Ardından sıralama konusunda ülke futbolu uluslar arası düzeyde bir aşağı bir yukarı gezindi yıllarca… Öyle gerilediği anlar oldu ki; bir öncekini aratır hale geldi. Aratmadığı dönemler içinde 2002 Dünya üçüncülüğü ile 2008 Avrupa Şampiyonası üçüncülüğü sıralama konusunda ilerleme kaydedilmesini sağladı.
Bunların paralelinde uzun süre yaşanan istikrarsızlık ülke futbolunu olumsuz etkiledi. Dünya ve Avrupa Şampiyonalarında üçüncülük derecelerini elde eden bir takımın bu süreçte hep finalist yarışçı bir görüntü çizmesi gerekirken devamlılığı sağlayamadı.
Çok kurtuluş reçeteleri yazıldı yazılmasına fakat uygulamaya geçilemediği için hep teoride kaldı… Biriktikçe biriken ve istikrarsızlığa sürüklenmesine neden olan sorunlar siyasallaşmanın da etkisiyle içinden çıkılmaz bir hal aldı…

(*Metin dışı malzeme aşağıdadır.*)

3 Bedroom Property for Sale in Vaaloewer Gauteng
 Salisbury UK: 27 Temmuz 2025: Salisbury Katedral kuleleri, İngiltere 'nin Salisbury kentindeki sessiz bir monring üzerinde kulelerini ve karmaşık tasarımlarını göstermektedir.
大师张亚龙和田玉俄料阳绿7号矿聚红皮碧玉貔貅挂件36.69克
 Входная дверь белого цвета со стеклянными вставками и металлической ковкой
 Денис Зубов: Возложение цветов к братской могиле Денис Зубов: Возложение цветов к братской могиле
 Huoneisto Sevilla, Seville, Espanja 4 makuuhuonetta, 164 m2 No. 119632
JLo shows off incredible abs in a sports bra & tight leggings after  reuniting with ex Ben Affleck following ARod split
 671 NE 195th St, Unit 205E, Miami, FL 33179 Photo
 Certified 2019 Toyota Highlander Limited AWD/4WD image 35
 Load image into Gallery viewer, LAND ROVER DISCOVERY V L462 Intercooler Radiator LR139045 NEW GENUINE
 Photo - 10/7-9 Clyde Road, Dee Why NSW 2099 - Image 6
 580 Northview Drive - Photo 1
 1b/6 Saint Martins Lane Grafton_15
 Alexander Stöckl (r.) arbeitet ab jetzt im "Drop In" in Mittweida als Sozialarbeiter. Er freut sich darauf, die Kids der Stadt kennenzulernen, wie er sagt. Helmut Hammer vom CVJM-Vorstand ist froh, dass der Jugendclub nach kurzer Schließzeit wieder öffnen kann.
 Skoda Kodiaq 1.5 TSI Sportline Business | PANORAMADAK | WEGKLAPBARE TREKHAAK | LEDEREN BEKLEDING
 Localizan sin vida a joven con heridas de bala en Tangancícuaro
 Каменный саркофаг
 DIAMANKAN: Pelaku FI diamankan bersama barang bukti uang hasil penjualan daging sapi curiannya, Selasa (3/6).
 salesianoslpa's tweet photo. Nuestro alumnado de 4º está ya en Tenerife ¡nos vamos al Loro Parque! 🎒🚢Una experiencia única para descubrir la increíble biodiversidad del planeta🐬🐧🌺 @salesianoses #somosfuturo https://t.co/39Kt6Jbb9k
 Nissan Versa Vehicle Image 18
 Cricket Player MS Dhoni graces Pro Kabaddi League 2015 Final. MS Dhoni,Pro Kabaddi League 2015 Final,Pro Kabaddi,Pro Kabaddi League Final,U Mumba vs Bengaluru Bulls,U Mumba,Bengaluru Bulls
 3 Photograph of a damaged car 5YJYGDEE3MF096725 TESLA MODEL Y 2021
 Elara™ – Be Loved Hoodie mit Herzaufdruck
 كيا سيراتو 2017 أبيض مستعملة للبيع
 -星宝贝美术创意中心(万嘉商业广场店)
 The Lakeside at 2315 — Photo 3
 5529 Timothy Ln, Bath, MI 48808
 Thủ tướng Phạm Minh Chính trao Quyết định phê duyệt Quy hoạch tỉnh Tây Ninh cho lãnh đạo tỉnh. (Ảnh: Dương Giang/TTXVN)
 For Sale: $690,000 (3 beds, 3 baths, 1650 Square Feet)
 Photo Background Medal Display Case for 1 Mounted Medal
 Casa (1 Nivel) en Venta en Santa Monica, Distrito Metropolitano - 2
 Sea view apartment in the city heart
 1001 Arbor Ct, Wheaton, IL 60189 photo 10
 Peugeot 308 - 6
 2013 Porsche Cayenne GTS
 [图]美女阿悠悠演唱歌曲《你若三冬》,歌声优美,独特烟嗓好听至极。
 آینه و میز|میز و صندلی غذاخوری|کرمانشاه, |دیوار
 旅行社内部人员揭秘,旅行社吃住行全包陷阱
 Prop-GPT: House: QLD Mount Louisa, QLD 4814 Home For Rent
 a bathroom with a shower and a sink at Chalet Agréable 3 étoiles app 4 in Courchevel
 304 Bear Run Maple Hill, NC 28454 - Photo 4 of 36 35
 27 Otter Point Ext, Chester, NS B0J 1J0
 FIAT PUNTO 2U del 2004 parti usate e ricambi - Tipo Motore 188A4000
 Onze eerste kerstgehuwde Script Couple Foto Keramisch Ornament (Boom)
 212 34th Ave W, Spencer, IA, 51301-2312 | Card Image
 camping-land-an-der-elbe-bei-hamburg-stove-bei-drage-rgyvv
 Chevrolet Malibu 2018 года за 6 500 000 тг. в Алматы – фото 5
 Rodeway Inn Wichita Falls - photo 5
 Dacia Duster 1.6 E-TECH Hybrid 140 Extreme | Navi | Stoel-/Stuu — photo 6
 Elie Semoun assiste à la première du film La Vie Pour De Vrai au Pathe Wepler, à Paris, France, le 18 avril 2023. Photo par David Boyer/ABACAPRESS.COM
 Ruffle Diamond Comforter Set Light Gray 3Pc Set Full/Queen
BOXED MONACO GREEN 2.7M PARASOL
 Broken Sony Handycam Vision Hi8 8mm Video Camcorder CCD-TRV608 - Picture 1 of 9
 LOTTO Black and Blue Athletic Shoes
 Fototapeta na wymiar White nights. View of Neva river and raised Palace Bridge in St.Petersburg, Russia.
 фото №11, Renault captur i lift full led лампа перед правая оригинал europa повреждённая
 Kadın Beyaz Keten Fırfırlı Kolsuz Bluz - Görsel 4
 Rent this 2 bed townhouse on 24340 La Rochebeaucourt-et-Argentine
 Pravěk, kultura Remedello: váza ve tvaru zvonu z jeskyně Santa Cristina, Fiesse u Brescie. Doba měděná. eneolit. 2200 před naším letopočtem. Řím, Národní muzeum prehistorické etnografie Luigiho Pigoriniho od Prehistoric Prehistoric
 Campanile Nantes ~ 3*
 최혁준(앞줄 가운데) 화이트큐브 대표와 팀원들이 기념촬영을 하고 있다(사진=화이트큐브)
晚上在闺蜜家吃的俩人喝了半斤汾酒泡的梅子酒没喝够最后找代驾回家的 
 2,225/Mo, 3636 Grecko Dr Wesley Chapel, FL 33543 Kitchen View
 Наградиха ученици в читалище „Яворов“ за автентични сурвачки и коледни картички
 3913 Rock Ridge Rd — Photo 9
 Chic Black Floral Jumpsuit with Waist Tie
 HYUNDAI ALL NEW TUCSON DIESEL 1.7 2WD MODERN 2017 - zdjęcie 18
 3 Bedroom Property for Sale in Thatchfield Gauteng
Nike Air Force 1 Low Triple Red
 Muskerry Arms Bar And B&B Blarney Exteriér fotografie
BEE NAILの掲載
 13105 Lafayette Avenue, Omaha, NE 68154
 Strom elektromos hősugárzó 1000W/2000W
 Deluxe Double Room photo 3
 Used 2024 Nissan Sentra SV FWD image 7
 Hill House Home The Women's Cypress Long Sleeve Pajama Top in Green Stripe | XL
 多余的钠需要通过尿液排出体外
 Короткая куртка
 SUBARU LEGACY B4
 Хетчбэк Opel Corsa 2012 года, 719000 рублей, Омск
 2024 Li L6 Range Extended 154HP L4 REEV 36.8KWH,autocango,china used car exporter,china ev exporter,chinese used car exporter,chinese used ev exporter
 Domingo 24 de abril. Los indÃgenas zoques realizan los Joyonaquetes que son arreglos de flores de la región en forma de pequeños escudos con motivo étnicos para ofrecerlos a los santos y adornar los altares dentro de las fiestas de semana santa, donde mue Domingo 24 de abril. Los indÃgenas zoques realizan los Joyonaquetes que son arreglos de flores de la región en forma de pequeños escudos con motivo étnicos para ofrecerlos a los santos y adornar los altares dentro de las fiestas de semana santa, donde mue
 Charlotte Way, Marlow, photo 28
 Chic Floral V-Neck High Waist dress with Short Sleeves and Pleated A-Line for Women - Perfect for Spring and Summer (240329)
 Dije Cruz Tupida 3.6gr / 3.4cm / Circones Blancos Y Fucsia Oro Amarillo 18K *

Türkiye; FIFA Erkek Milli Futbol Takımları sıralamasında en son yapılan açıklamaya göre 28. görünüyor… Özellikle 2025’in Mart ayında Macaristan ile eleme usulü UEFA Uluslar Ligi Play-Off maçı, üst sıralar konusunda sonucu itibarıyla bir hayli önem kazandı.
Uluslararası müsabakalarda alınan beraberlik ve galibiyetlerin yanı sıra toplanan puanların sıralamaya katkısı oldukça fazla. UEFA Uluslar Ligi B Gurubu son maçında Karadağ karşısında alınan yenilgi nazar boncuğu sayılmasının ötesinde istikrarsızlığın da somut örneği…
Böylesine bir moral bozukluğunun elbette Mart’a kadar düzeltilmesi mümkün… Macaristan karşısına çıkacak bir Milli Takım’ın alacağı sonuç her açıdan bu manada çök ama çok önemli… İstikrar adına yol alınmak isteniyorsa, siyasallaşmanın ve kavgaların ötesinde bir yol haritasının ortaya konulması şart oldu artık.